いくら頑張って勉強しても「言いたいことが言えない」「伝えたいことが書けない」など、英語の悩みを抱えている高校生は多い。数々の英語参考書を手掛け、NHKテレビの英語番組「おとなの基礎英語」の講師としてもおなじみの松本茂先生(立教大学経営学部教授)に、これからのグローバル社会で「使える英語」を身につけるための勉強法を教えてもらった。

【まつもと・しげる】
立教大学経営学部国際経営学科教授、同大学グローバル教育センター長。専門分野はコミュニケーション教育学。主な著書に「速読速聴・英単語」シリーズ(Z会)、「英会話が上手になる英文法」(NHK出版)など。

英語を使う練習を積極的にやろう!

教科書だけでは不十分

──なぜ毎日勉強しているのに「英語が話せない、書けない」など、英語が使いこなせない高校生が多いのでしょうか。

英語で話したり、書いたりできるようになるには、まず聞いたり、読んだりする量を増やすことが大切。
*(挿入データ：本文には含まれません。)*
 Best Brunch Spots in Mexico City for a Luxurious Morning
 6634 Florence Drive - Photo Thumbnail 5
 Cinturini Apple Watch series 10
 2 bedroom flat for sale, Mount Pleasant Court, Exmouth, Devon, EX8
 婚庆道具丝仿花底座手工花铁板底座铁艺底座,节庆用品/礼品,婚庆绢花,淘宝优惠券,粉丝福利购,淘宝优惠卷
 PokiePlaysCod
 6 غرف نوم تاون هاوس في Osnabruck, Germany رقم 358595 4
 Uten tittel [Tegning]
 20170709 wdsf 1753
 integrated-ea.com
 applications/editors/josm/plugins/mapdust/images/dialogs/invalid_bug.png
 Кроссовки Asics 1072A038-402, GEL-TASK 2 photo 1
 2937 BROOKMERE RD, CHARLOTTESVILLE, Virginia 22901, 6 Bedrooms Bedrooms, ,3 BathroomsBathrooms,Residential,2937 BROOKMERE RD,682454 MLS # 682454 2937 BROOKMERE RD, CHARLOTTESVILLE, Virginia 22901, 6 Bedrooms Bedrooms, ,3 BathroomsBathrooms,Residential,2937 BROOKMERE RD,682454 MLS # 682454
教科書1冊分の英文量は、洋書に換算するとせいぜい20〜30ページ程度。この量ではまったく不十分です。

もちろん英語で話したり、書いたりする練習そのものもたくさんして実際に使ってみないと、使いこなせるようにはなりません。

野球部の選手が素振りやトスバッティングを何回もしたところで、練習試合や公式戦で生きた球を打たないと上手にならないのと同じです。

実践の場で英語を使おう

──どうすれば使える英語が身につきますか。

私が命名したのですが、「PICサイクル」を回すことが肝要です。

PとはPractice(個人学習)のこと。実際に授業などでのペアワーク、グループワークの準備として個人の学習をたくさん行ってください。通学途中、休み時間といった「隙間時間」も上手に活用するとよいでしょう。

次のIはInteraction(集団学習)。1人で練習したことをもとに、誰かと英語を使う練習をします。野球部に例えれば、併殺をとる練習や紅白戦がこれにあたります。1人ではできない学習や練習を授業中に積極的に行ってください。
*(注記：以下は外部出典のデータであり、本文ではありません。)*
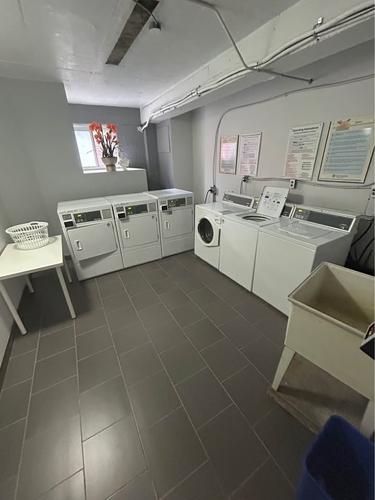 1 bedroom apartment for rent in Montreal - Le Plateau-Mont-Royal — photo 4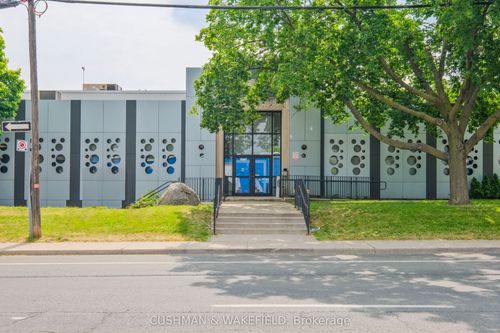 m4a-414 Victoria Ave N, Hamilton, ON, L8L5G8 | Card Image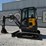 2022-volvo-ecr25-electric-image-13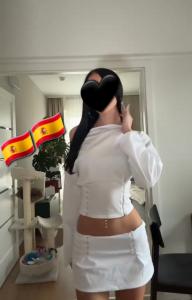 622570599: Chica busca chico en Alicante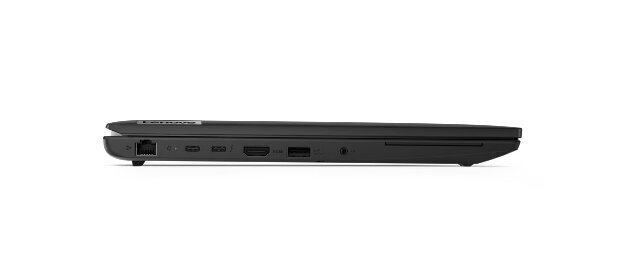 Lenovo ThinkPad L15 Gen 4 (21H3002UPB) hinta ja tiedot | Kannettavat tietokoneet | hobbyhall.fi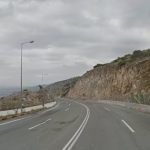 image-135476 Αποκαθιστά τον οδικό άξονα Λάρισας – Κοζάνης η Περιφέρεια Θεσσαλίας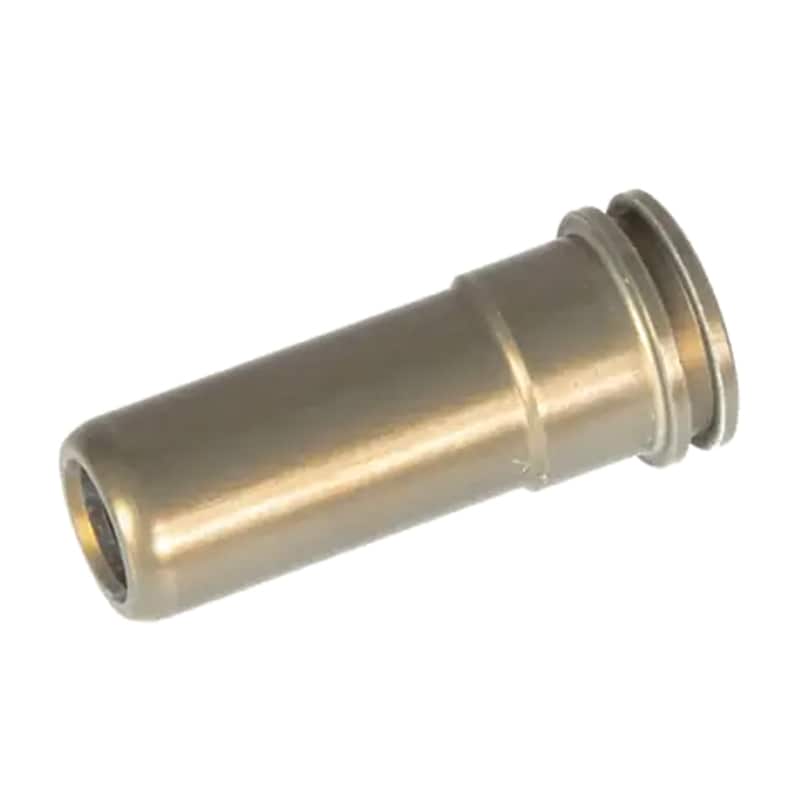 Teflonowa uszczelniona dysza EPeS do replik AEG - 20,3 mm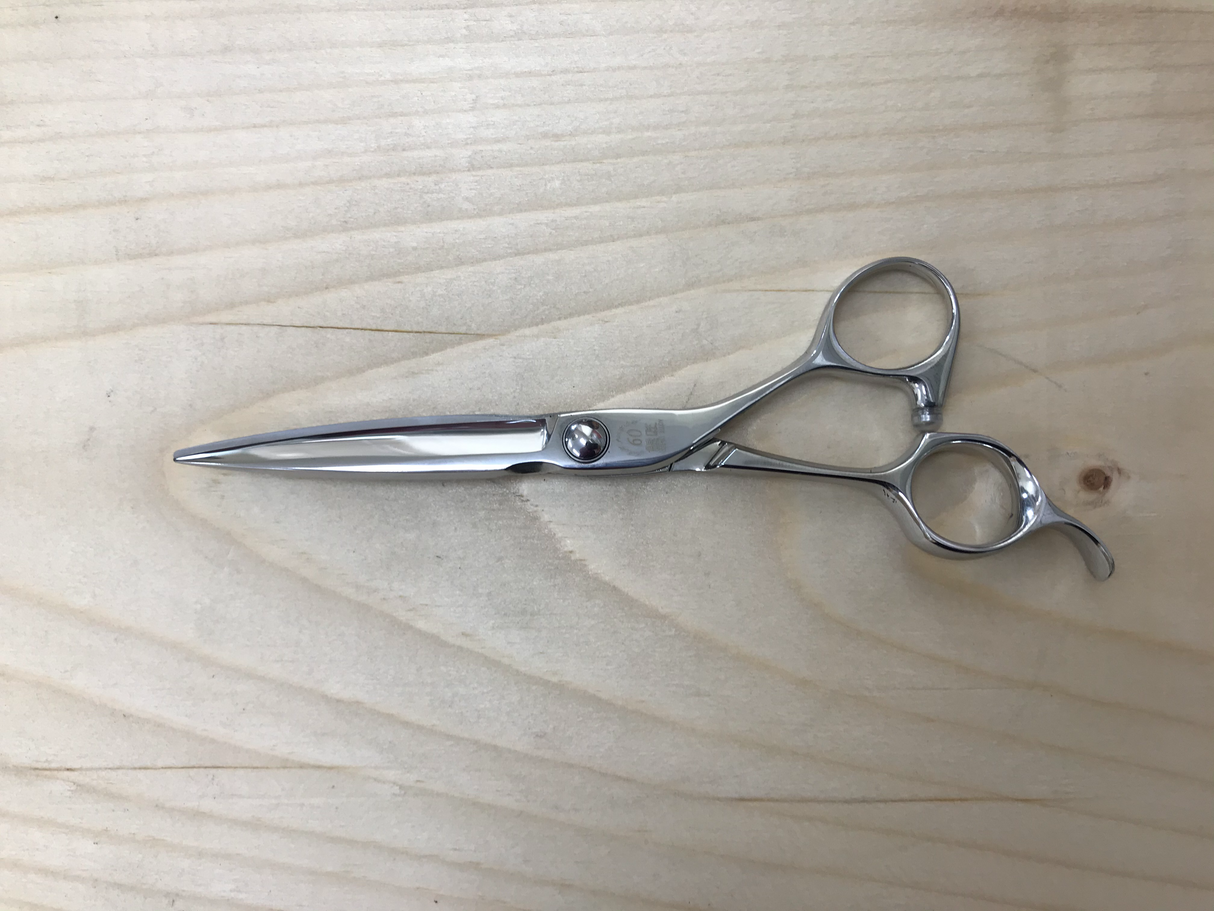 カット鋏　髪匠 Cutting Scissors KAMISHOW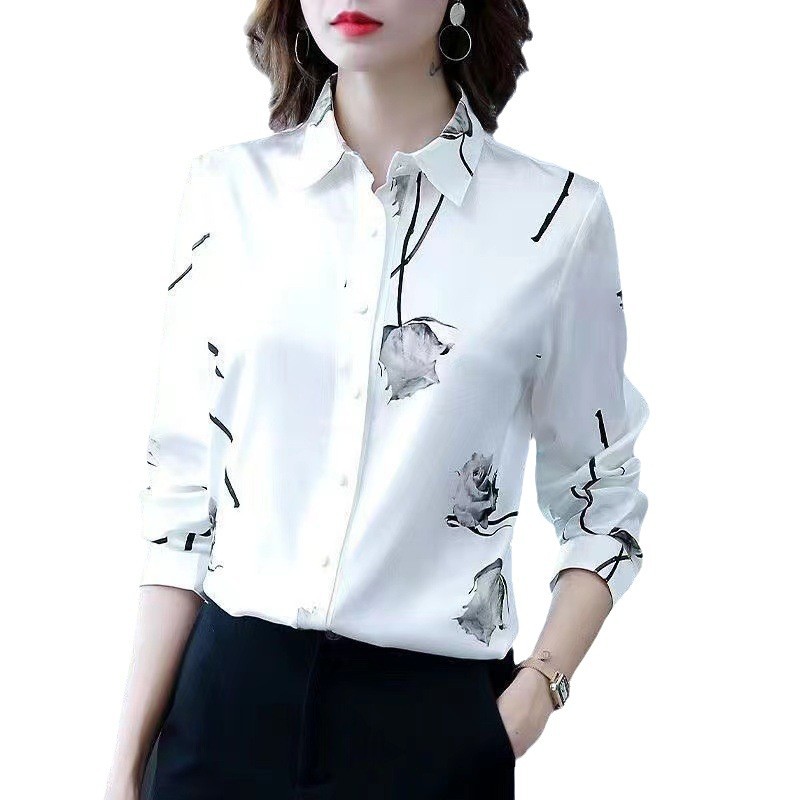 https://fulmo-img-server.com/flower-fashion-factory/8076a5c6-316c-4d09-b159-29d53fd02213.jpg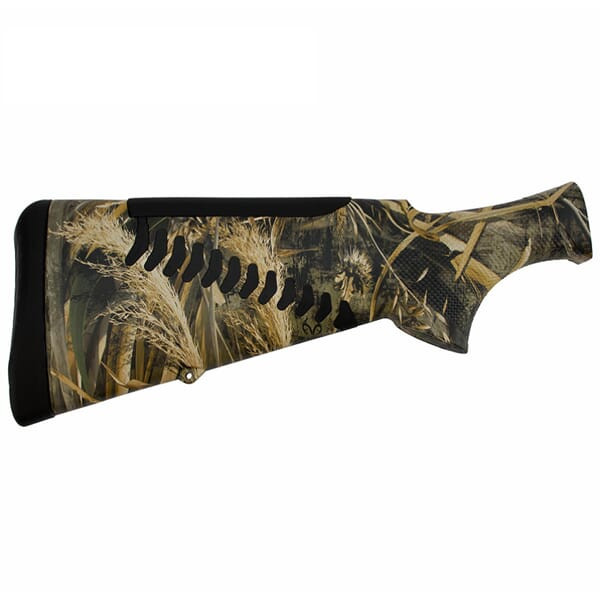 Benelli M2 20ga Realtree Max-5 ComforTech Stock 60226 - Benelli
そして最後のCはCommunication(実践)です。通常の教室での授業ではなく、実践の場面で英語を使うことです。海外の高校生とメールのやり取りをしたり、英語のディベート大会に出たり、海外研修先で現地の高校生に向けて英語でプレゼンテーションをするといった体験を数多く積むことが英語上手につながります。